== Segment start ==

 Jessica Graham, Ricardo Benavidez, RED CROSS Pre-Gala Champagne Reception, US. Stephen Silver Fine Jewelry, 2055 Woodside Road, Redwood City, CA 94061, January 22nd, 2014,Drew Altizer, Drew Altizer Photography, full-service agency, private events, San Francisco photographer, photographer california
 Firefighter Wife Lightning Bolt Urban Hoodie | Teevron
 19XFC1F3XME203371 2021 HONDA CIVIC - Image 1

== Segment end ==
== Segment start ==

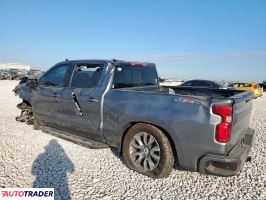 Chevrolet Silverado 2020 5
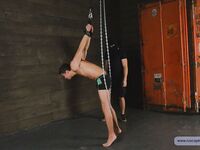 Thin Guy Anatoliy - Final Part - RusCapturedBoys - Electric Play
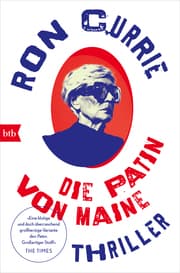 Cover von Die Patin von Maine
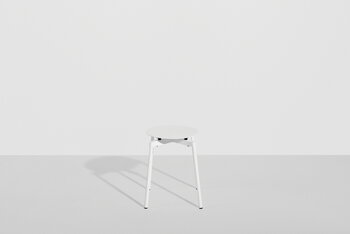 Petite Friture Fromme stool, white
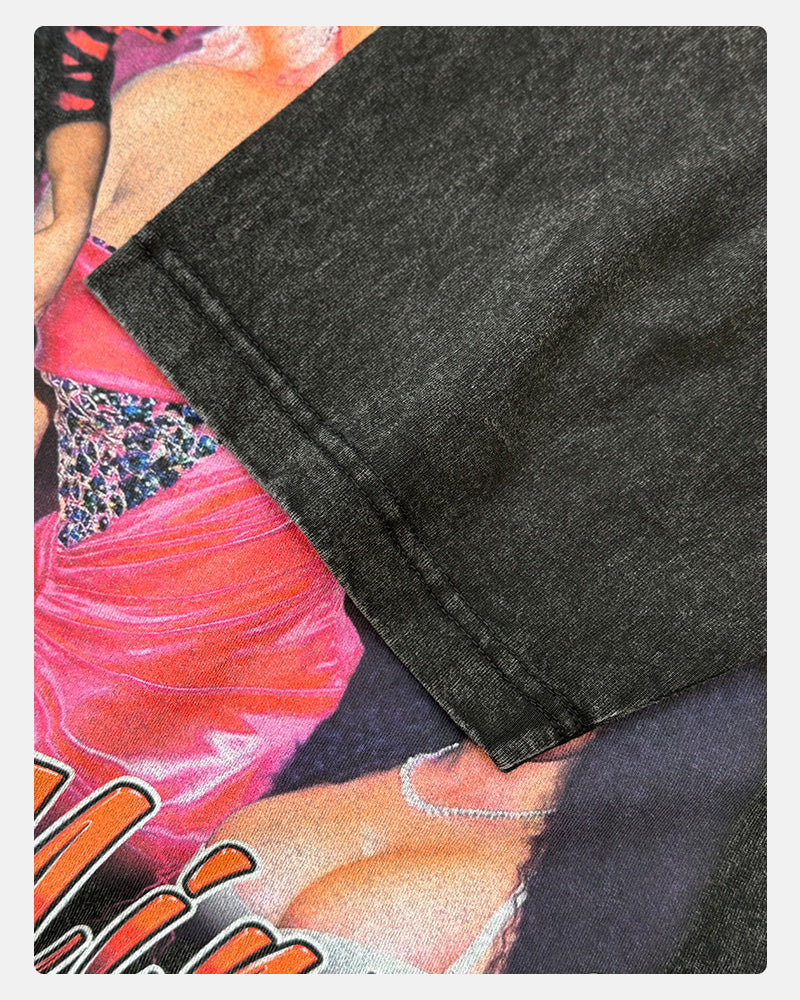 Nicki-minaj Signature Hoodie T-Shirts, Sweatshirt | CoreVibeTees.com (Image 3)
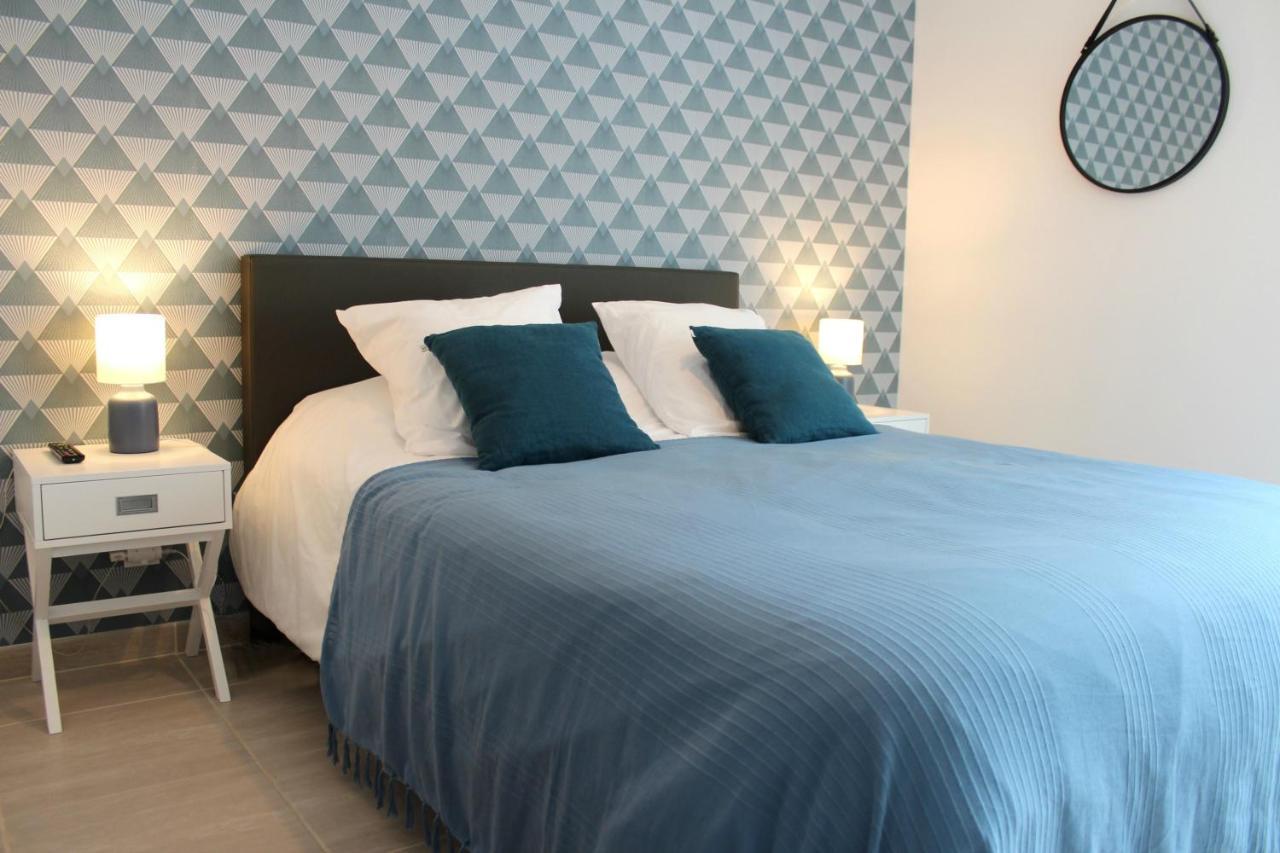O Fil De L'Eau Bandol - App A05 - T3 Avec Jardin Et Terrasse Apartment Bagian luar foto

== Segment end ==
== Segment start ==

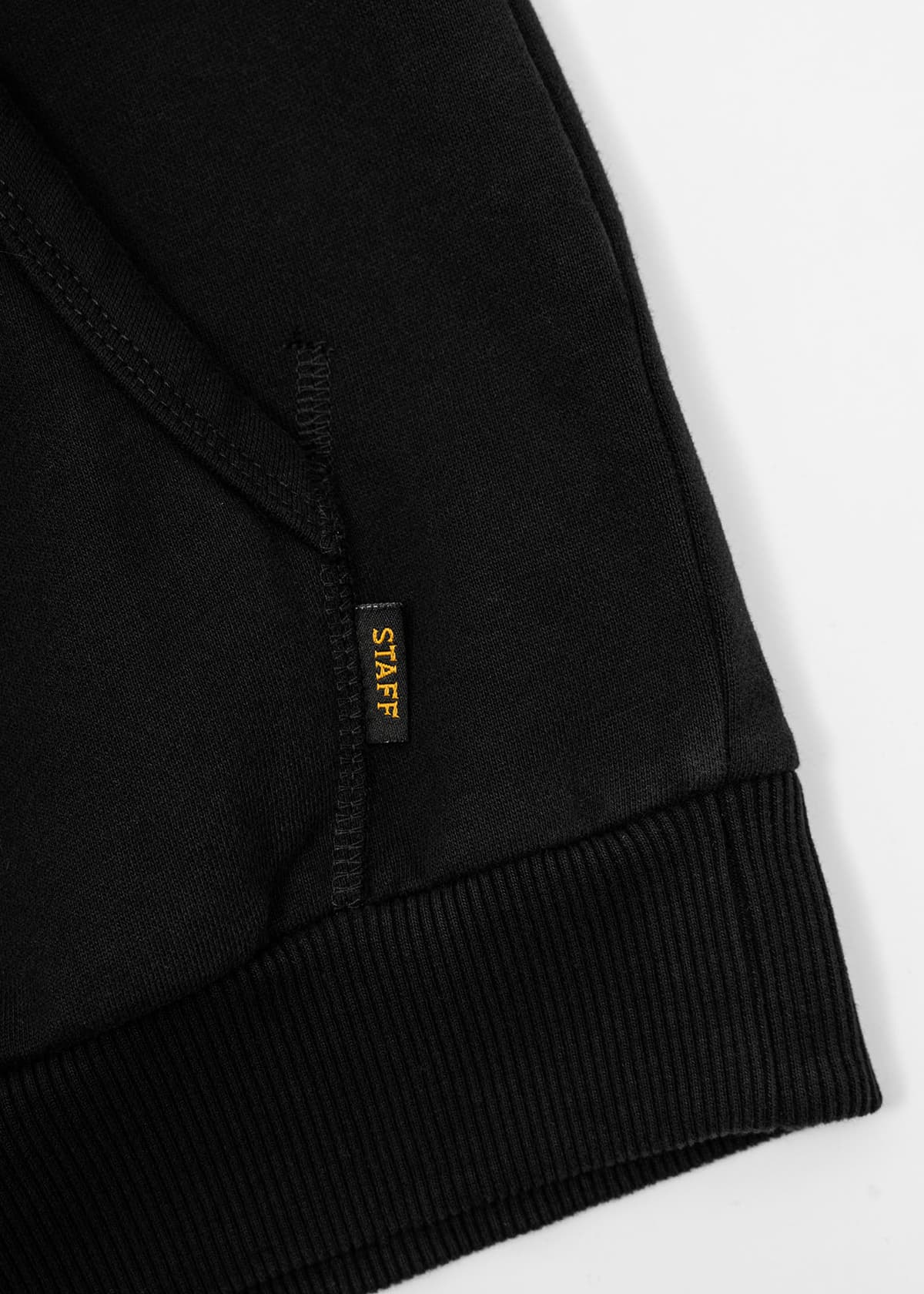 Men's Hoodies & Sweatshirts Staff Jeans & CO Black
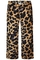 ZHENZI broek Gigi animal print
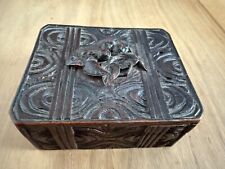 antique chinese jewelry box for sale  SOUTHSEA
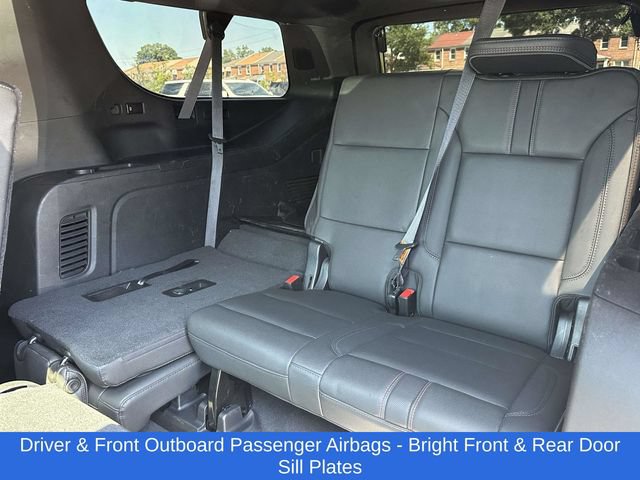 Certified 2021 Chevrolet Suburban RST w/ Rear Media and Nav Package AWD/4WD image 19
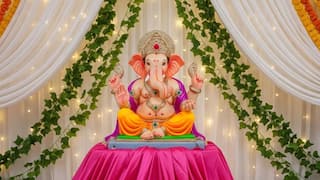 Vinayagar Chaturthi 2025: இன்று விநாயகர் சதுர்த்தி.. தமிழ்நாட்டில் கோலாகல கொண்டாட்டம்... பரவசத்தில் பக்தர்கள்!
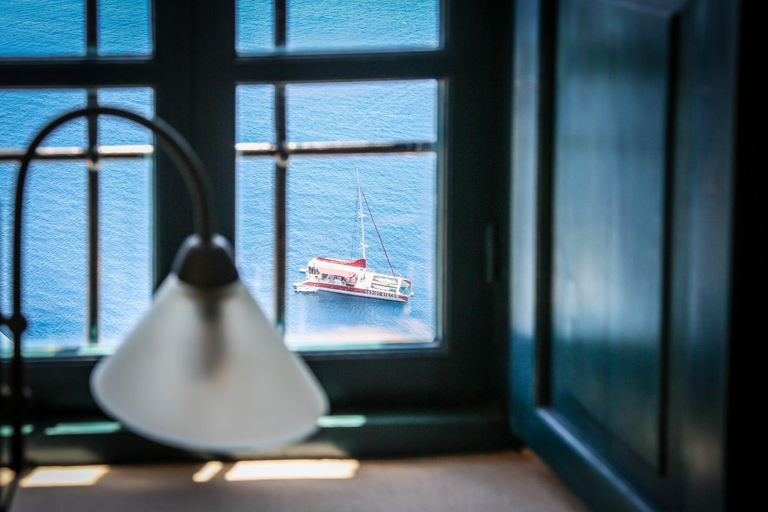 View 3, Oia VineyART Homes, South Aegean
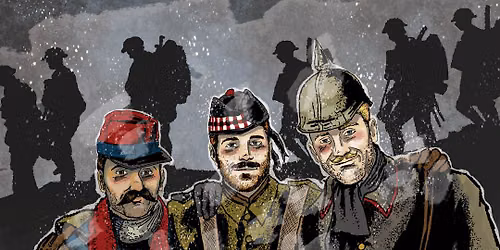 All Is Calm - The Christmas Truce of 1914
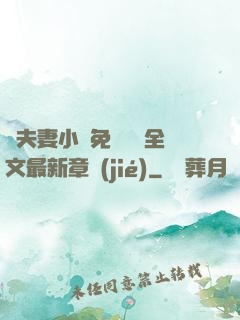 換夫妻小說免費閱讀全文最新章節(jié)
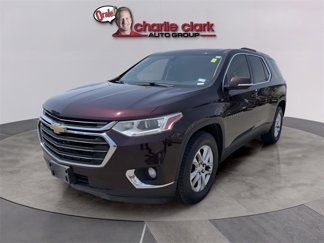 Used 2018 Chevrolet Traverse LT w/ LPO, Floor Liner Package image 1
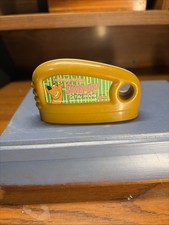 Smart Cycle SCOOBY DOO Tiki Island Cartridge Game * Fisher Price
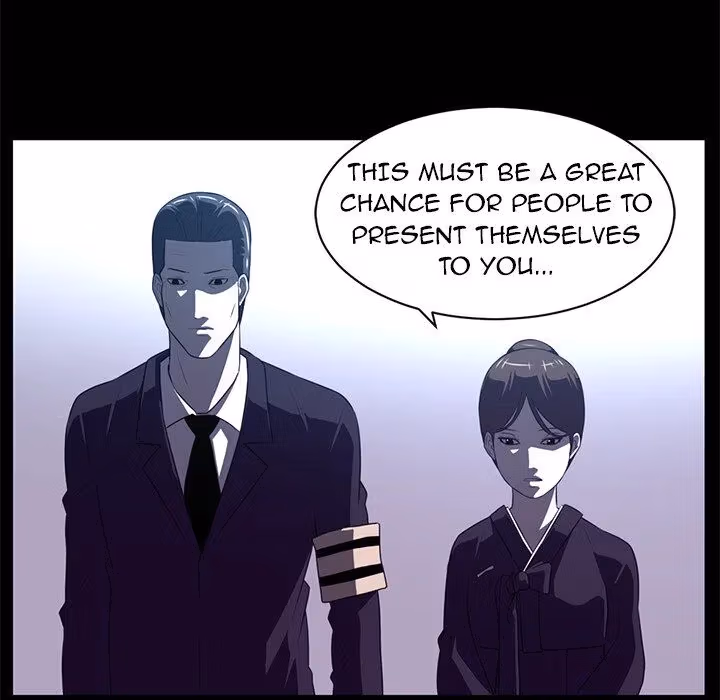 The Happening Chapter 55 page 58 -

== Segment end ==

**GOAL OF THE EXERCISE:** The stretch above running from the line with "View 3, Oia VineyART Homes, South Aegean" through the line with "The Happening Chapter" is all you should copy, exactly, leaving out the pictures.

**THE ANSWER:**
 View 3, Oia VineyART Homes, South Aegean
 All Is Calm - The Christmas Truce of 1914
 換夫妻小說免費閱讀全文最新章節(jié)
 Used 2018 Chevrolet Traverse LT w/ LPO, Floor Liner Package image 1
 Smart Cycle SCOOBY DOO Tiki Island Cartridge Game * Fisher Price
 The Happening Chapter 55 page 58 -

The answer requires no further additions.